06 Sort BAM files using PICARD

Neranjan Perera edited this page Dec 6, 2018 · 4 revisions

Once the singletons removed the BAM files are sorted using PICARD tools. For GATK analysis the BAM files need to be correctly formatted as well.
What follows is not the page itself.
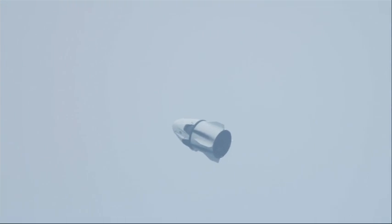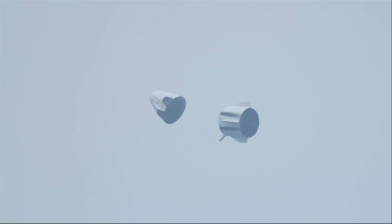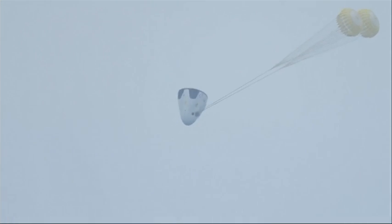The Super Dracos have ignited and are pushing the Crew Dragon off the pad. Engines have shut down as planned after about a five and a half second burn. The trunk has detached. The Dragon is tumbling as planned.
The correct formatting includes:

  • It must be aligned
  • It must be sorted in coordinate order
  • It must list the read groups with sample names in the header
  • Every read must belong to a read group.
  • The BAM file must pass Picard ValidateSamFile validation

In order to pass the files into Picard for processing in this step we will sort the aligned reads in the coordinate order.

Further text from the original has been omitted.